#### Problem statement:
The material beneath this line should be printed exactly, with its pictures omitted.

#### Task data:
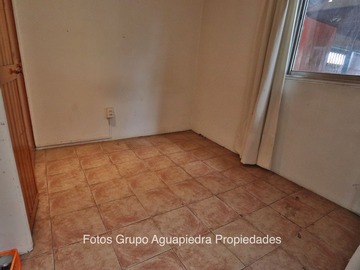 Piso 1: Servicio dormitorio y baño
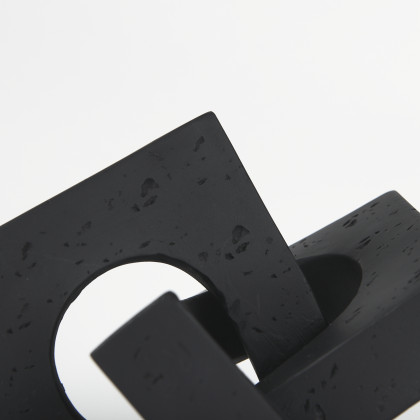 Mercana Linx Small Object - Black, Resin
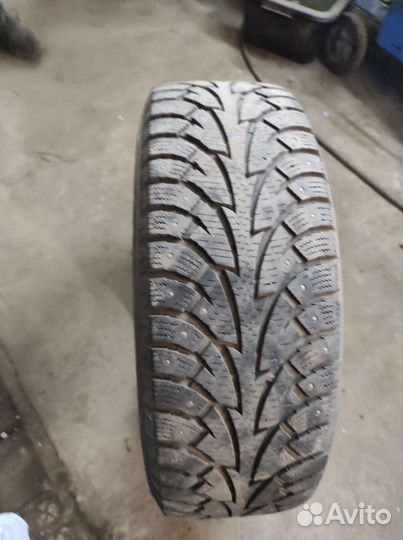 Hankook AH11 215/60 R17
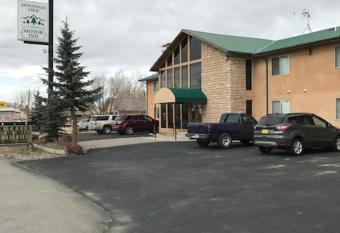 Mountain View Motor Inn allows 18 year olds to book a room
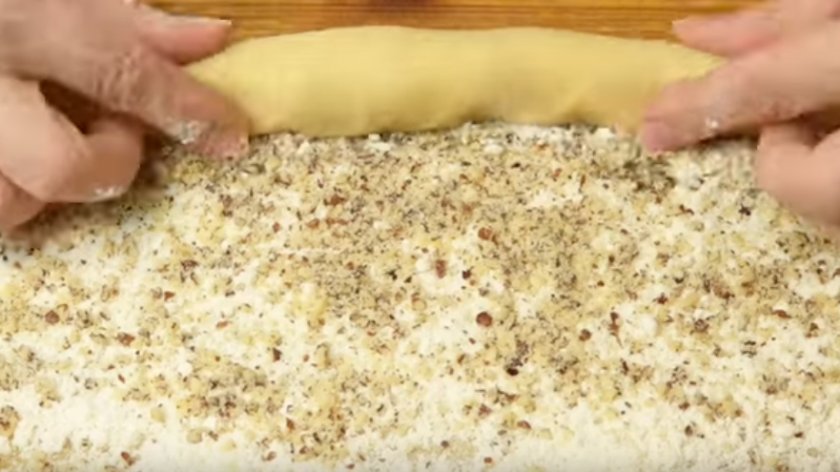 Бисквит с яблоками и орехами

#### Your solution:
 Piso 1: Servicio dormitorio y baño
 Mercana Linx Small Object - Black, Resin
 Hankook AH11 215/60 R17
 Mountain View Motor Inn allows 18 year olds to book a room
 Бисквит с яблоками и орехами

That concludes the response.